MAURO VENTURA: Hai toccato due temi. Riprendo un passaggio fatto durante la prima parte di questo incontro quando ho fatto vedere una slide in cui si parlava dell’azione. L’azione è rappresentata dall’immagine di uno scalatore. Ho detto che la sostenibilità non è un obiettivo, ma un semplice percorso, un percorso che costa. Quindi siamo allineati nel dire che la sostenibilità nell’immediato ha un costo. Per quanto concerne il mondo bancario ed il fatto che sia preparato o meno alla trasformazione di cui hai parlato, non posso risponderti in quanto io non sono il mondo bancario, sono un consulente finanziario che poi si occupa principalmente di investimenti . Hai anche toccato un tema molto importante, quello del greenwashing ,che riguarda anche il mondo finanziario, che però avrebbe bisogno di un webinar specifico. Ti posso dire che, per quello che vedo dal mio piccolo osservatorio, non ho la tua esperienza a livello internazionale, il mondo bancario sta andando a rivedere al ribasso il costo del denaro per chi vuole fare delle scelte di carattere sostenibile: quindi se hai bisogno di un finanziamento per un acquisto sostenibile la banca riduce il costo del denaro.
LUCA BERARDO: Riducimi il costo, va bene lo stesso.
MAURO VENTURA: Poi ci sono regole che non fanno solo le banche che riguardano la solvibilità, l’accantonamento e via discorrendo. Però anche le banche iniziano a percorrere la strada della sostenibilità, come diceva prima Roberto, chiedendo alle aziende anche il bilancio di sostenibilità, quindi informazioni extra finanziarie. Da lì danno un rating ed il costo del denaro.
LUCA BERARDO: Io però non mi riferisco tanto a come le banche finanziano le aziende. Io parlo dell’utente finale cioè di quello che acquista il bene immobiliare, che deve comprare la cucina, i mobili e delle difficoltà che può incontrare nell’accesso al credito. Probabilmente si dovrebbe cominciare a finanziare qualcuno non in base a quanto guadagna oggi ma in base a quanto andrà a risparmiare domani acquistando un bene sostenibile. Ovviamente mi riferisco agli acquisti immobiliari perchè rientrano nella mia professione, non entro nelle sfere di altre tipologie di acquisti . Quindi, secondo me, è importante pensare a quanto quel bene non costerà nel futuro, a quanto il cliente potrà risparmiare nel futuro. E’ un cambio di paradigma totale.
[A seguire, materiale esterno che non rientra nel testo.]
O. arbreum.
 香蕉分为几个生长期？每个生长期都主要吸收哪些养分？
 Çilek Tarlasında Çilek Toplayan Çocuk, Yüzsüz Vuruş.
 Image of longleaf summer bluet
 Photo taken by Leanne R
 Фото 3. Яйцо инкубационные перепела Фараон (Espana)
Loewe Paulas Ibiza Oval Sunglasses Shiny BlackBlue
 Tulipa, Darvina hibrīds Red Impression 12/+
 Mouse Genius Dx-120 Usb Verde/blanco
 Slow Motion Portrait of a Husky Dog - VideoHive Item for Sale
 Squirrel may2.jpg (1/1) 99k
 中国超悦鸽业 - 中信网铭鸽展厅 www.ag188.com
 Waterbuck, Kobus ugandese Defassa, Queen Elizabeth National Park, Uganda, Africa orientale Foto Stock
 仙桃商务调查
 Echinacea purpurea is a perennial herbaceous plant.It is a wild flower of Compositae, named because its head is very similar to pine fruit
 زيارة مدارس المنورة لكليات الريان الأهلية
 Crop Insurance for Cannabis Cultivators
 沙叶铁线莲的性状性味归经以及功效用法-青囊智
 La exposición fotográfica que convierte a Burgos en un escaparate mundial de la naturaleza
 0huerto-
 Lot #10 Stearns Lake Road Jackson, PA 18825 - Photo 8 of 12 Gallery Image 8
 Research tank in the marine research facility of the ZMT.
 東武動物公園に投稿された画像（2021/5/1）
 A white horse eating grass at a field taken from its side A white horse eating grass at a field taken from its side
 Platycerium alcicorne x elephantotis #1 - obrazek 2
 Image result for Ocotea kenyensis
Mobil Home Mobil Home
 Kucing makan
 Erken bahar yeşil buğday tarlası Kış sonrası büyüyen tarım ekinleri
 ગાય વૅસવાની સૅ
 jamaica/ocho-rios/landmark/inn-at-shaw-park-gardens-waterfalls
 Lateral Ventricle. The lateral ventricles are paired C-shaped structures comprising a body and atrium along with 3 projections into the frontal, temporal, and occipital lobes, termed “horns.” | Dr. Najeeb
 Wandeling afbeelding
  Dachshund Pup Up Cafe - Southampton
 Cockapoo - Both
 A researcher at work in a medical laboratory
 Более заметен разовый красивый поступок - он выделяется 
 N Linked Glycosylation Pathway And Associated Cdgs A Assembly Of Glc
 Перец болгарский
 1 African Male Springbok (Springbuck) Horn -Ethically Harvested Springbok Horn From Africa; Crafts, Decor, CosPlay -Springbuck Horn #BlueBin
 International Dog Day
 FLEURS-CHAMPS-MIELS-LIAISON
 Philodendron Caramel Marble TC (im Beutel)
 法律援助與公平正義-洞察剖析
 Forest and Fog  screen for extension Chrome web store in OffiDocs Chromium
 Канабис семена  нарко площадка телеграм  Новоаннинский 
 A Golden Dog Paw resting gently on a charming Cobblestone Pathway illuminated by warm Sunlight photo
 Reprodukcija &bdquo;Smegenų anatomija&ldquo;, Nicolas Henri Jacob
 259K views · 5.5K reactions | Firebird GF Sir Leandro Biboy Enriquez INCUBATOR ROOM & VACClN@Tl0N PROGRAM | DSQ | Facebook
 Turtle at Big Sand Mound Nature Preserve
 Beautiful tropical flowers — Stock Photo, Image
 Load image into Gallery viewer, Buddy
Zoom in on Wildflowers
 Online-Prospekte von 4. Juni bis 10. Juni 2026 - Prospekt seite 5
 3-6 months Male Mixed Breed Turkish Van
MAURO VENTURA: Penso che sia un cambio di sistema, forse la sola banca non riesce a fare questo tipo di discorso. Ci deve essere un dialogo fra tutti quelli che portano avanti questo discorso, un dialogo di filiera. Mi piacerebbe parlare del progetto di cui tu stai portando avanti, quello sulla filiera dei rifiuti edili.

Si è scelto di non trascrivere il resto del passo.